(前回からの続き)
9:20、備後落合発。確かに登りの路線だ。山の中を深く入っていく感じだ。両側に民家などは無い。
スピードはゆっくり、短いトンネルをいくつも通過していく。左側は渓谷と道路が並行して走る。終始、レールと両車輪が摩擦する。キーッという音が聞こえてくる。
列車のスピードが上がると同時に民家が見えてきた。油木からまた登りだ。ここから山深く入っていく。周りは森林のみ。

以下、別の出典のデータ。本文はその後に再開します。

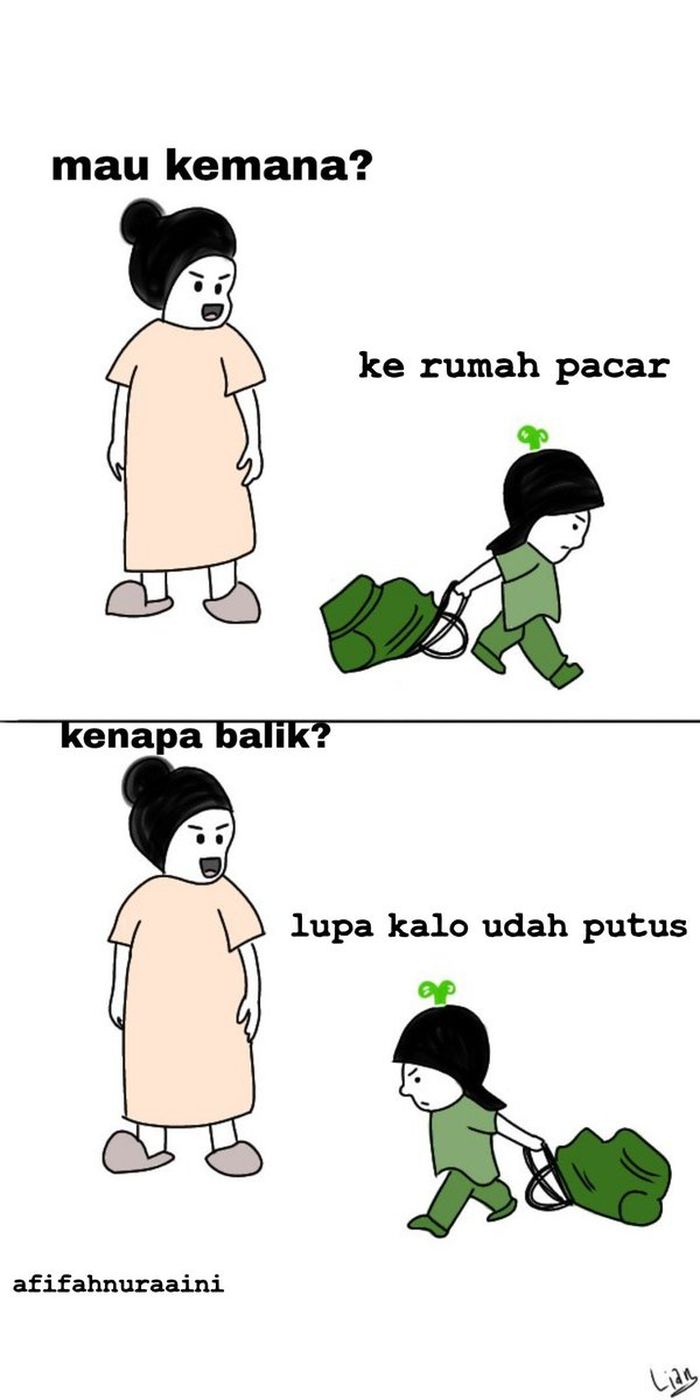 Simple Tapi Kocak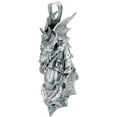 thumbnail image 3 of Starforged Warhammer Total War 3 Nightmare Sanguinator Blood Knight Nightmare Necklace, 3 of 5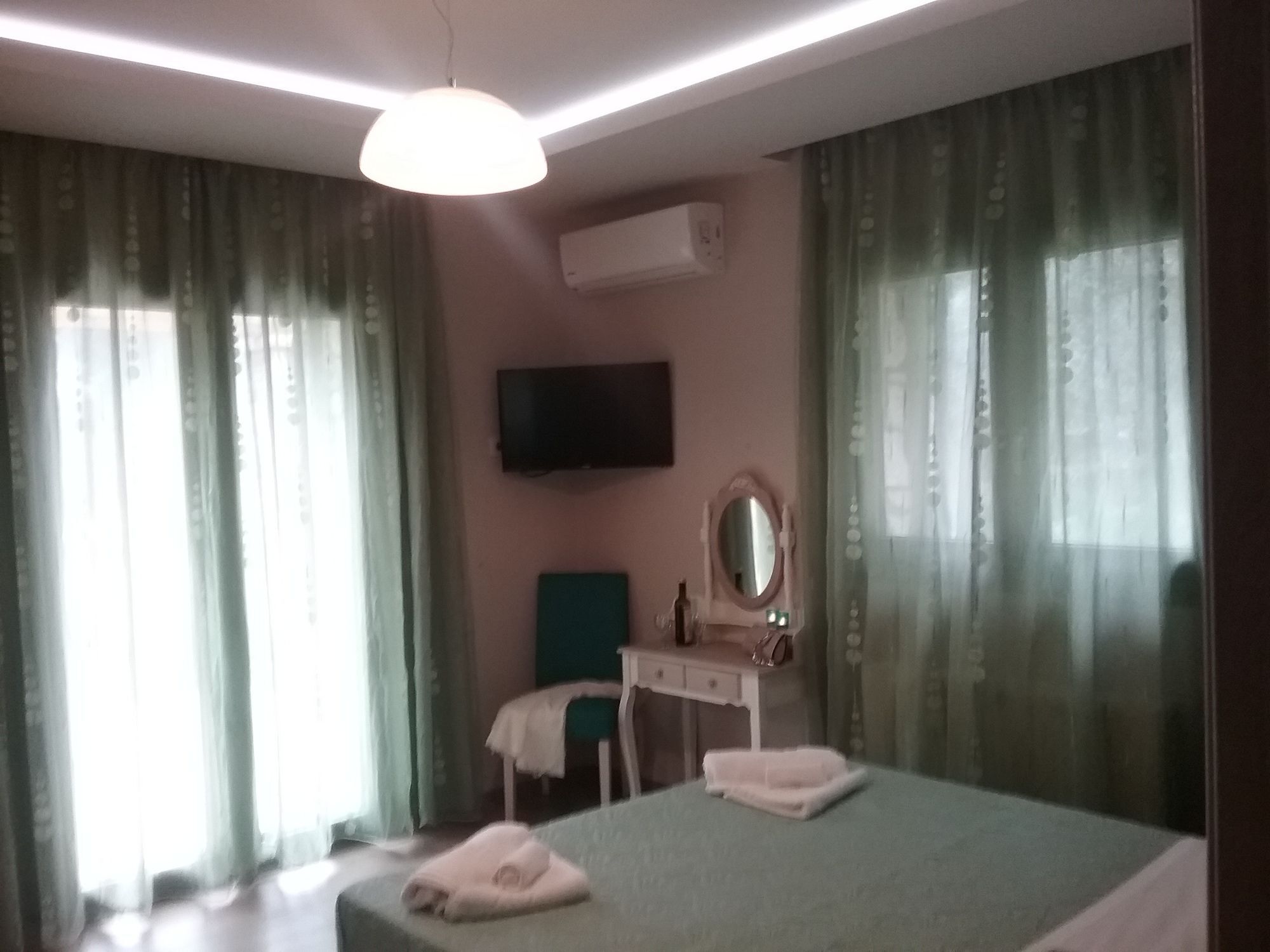 Villa Lobos Keri Zewnętrze zdjęcie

油木を過ぎ、三井野原駅の手前でスキーウェア貸し出しの看板が見えたが、この近くにスキー場があるのだろうか。三井野原駅近くに民宿や貸スキー場がいくつかあった。
この駅で家族連れが何人か乗車した。
そうこうしているうちに、列車のスピードが極端に落ちた。備後落合駅で会ったあのボランティアの元機関士の方が言っていた、オレンジ色の鉄橋にさしかかっていたのだ。思わずカメラを取り出し、シャッターを押す。すぐ近くにループ橋が見えた。この道路はいずれドライブしてみたい。
(元機関士が話していた昔の事故の話を思い出す。列車が崖から転落したとのことだった)

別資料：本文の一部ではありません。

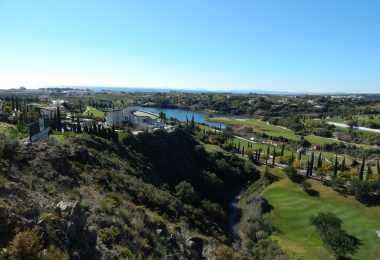 Hiszpania, Benahavis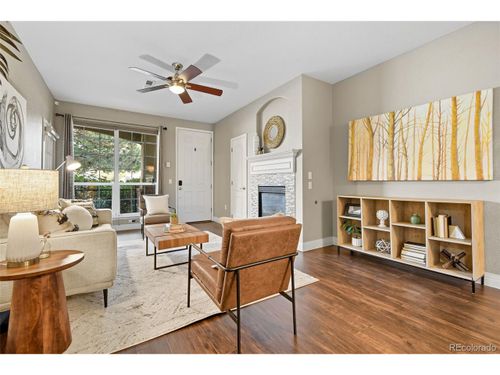 unit-d-159 Quebec St, Denver, CO, 80220-6184 | Card Image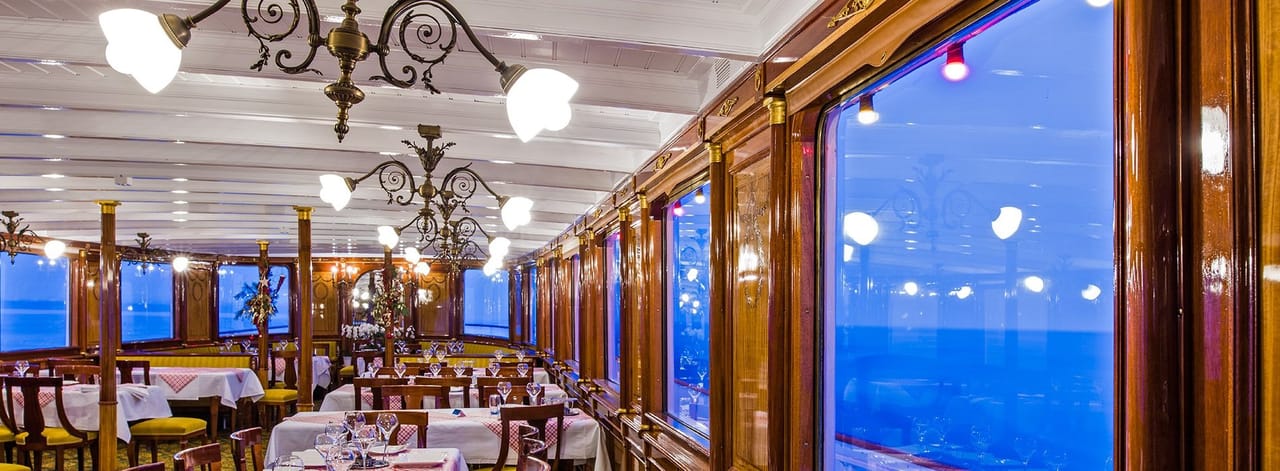 Ab Vevey: Riviera Tour Schiffsrundfahrt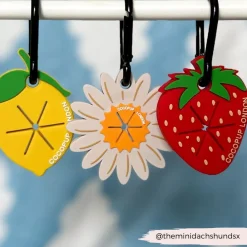 Cocopup Cocopoop Pockets | Cocopoop Pockets-CocoPOOP Pocket - Lemon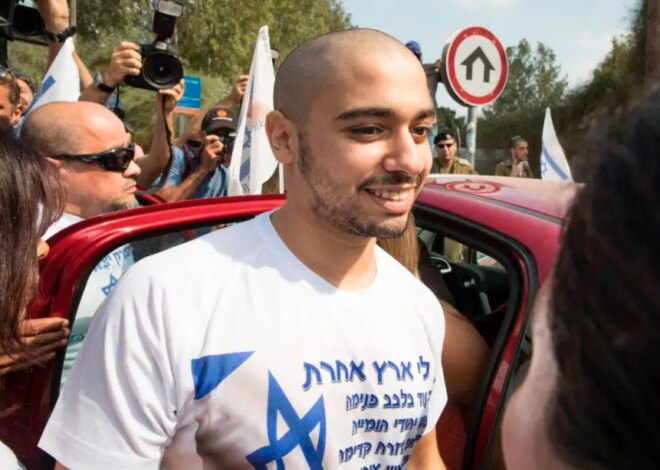 Israeli soldier who shot wounded Palestinian in the head pardoned ‘in the spirit’ of Jewish holiday – Middle East Monitor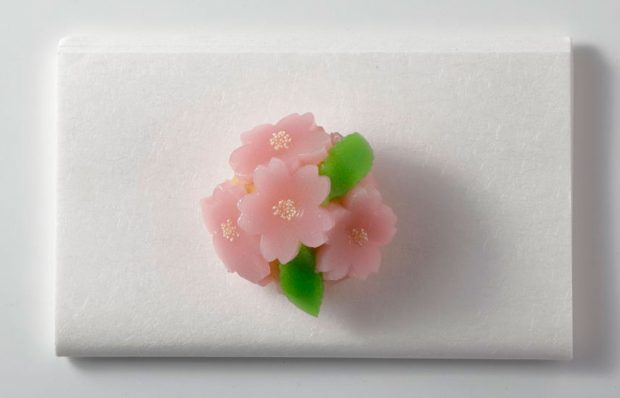 【桜の時期限定】京都・金沢から厳選した春の和菓子6選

このあとしばらくすると路線は行き止まりとなり、停車。運転手が反対側の運転席に移動した。スイッチバックだ。
そしてすぐに出雲板根駅に到着。すると運転手が元の反対側の運転席に戻り、逆方向に運転を再開。ここから下りとなる。
スピードを落として慎重に下っていく。下に見える道路の位置まで下ると列車は速度を上げ始めた。
八川から民家と田んぼの点在する風景に変わる。出雲横田駅で熟年夫婦が下車したが、観光なのか。駅周辺に古い民家(旅館?)が立ち並んでいた。
その後しばらくして「亀嵩(かめだけ)」という駅に着く。松本清張の代表作で映画やドラマにもなった「砂の器」の舞台となった駅だ。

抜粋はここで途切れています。